Title

3D signal compression and processing (VCIP 2022 Tutorial)


Abstract

With the fast popularization of 3D sensing capture devices, such as Lidar or Kinect, the amount of available 3D data is increasing rapidly, leading to the more-than-ever demands of 3D signal processing. Unlike image and video signals with widely accepted pixel representation on regular grids, the representations of 3D signals are more diverse including RGB-D, voxel, point cloud, mesh and implicit representation, each of which has its own pros and cons.

In this tutorial, we will overview the recent progress of 3D signal processing focusing on the two prevalent 3D representations, i.e., RGB-D and point cloud. For RGB-D, we will introduce the state-of-the-art depth map super-resolution and monocular depth estimation techniques, which takes advantages of RGB images to improve the capture of depth maps. For point cloud, we will introduce the MPEG and AVS standardization of point cloud compression, and advanced point cloud processing techniques, which solve the irregularity of point clouds and effectively model the 3D geometry with octrees, graphs and deep neural networks.


Speaker

Xianming Liu is a Professor with the School of Computer Science and Technology, Harbin Institute of Technology (HIT), Harbin, China. He received the B.S., M.S., and Ph.D degrees in computer science from HIT, in 2006, 2008 and 2012, respectively. In 2011, he spent half a year at the Department of Electrical and Computer Engineering, McMaster University, Canada, as a visiting student, where he then worked as a post-doctoral fellow from December 2012 to December 2013. He worked as a project researcher at National Institute of Informatics (NII), Tokyo, Japan, from 2014 to 2017. He has published over 60 international conference and journal publications, including top IEEE journals, such as T-IP, T-CSVT, T-IFS, T-MM, T-GRS; and top conferences, such as CVPR, IJCAI and DCC. He is the receipt of IEEE ICME 2016 Best Student Paper Award.

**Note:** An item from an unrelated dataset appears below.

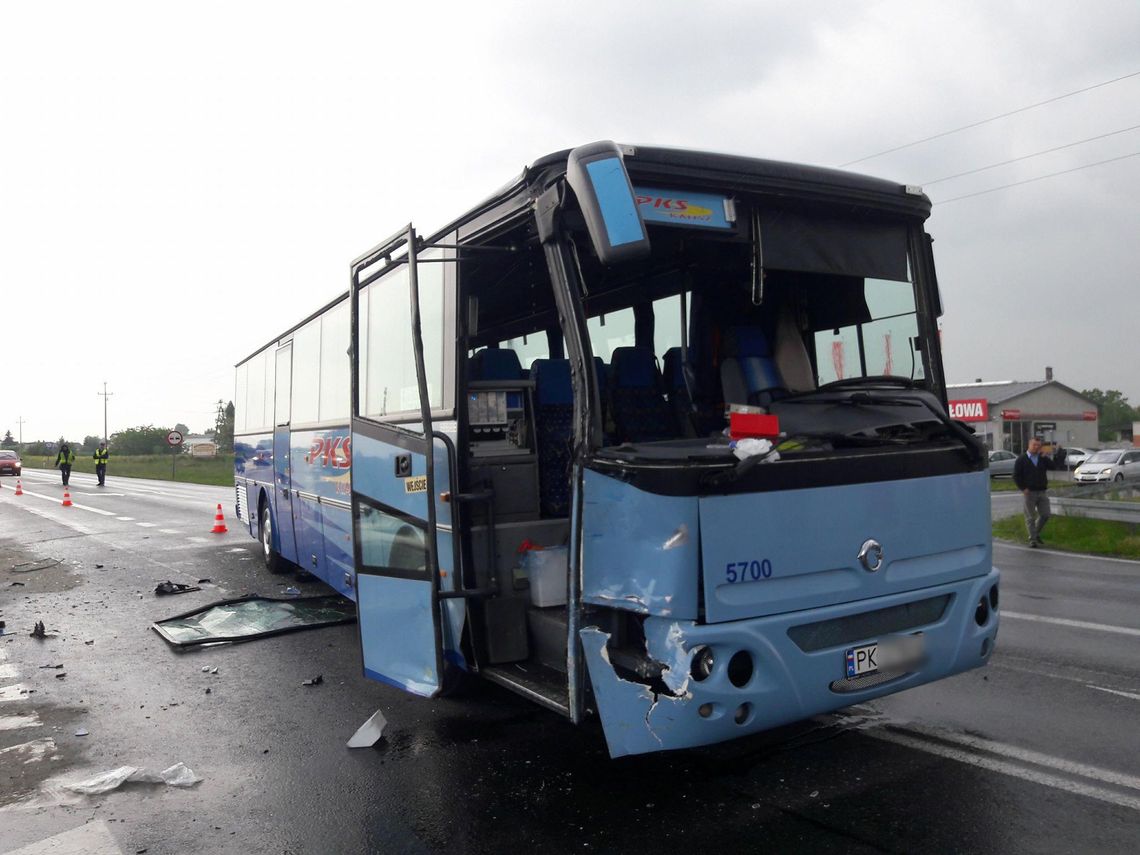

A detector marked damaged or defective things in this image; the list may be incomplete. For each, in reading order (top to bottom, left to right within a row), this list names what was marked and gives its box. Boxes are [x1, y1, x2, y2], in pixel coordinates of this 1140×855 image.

damaged blue bus [237, 144, 992, 760]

Homepage: http://homepage.hit.edu.cn/xmliu

Yuanchao Bai received the B.S. degree in software engineering from Dalian University of Technology, Dalian, China, in 2013. He received the Ph.D. degree in computer science in Peking University, Beijing, China, in 2020. He was a visiting student in National Institute of Informatics, Tokyo, Japan, from 2017 to 2018. He was a Postdoctoral researcher in Peng Cheng Laboratory, Shenzhen, China, from 2020 to 2022. He is now an assistant professor in Harbin Institute of Technology, Harbin, China. His research interests include image/video compression and processing, point cloud processing and graph signal processing.

Wenbo Zhao received B.S., M.S., and Ph.D degrees in 2012, 2014 and 2020 from the Harbin Institute of Technology, Harbin, China. He is currently a postdoctor at the Peng Cheng Laboratory, Shenzhen, China. His current research interests are 3D Reconstruction, mesh denoising and point cloud processing.

Zhenyu Li received the B.S. degree in computer science from Harbin Institute of Technology, Harbin, China, in 2021. He is now a postgraduate student at Harbin Institute of Technology, Harbin, China. His research interests include 3D reconstruction, scene perception, and scene understanding.


Outline

  • Introduction
  • RGB-guided Depth Super-resolution
    • Problem Formulation
    • Filtering based methods
    • Priors based methods
    • Learning based methods
    • Discussion
  • Learning scene structure from cameras
    • Depth estimation from monocular images
    • 3D object detection from cameras
    • Unified scene understanding
  • Recent Process of MPEG point cloud compression standardization
    • Introduction
    • Geometry coding
    • Attribute coding
    • Conclusion
  • Deep learning-based point cloud compression (slide)
    • Introduction
    • Deep Generative Models
    • Learning-based PCC methods
    • Conclusion
  • Q & A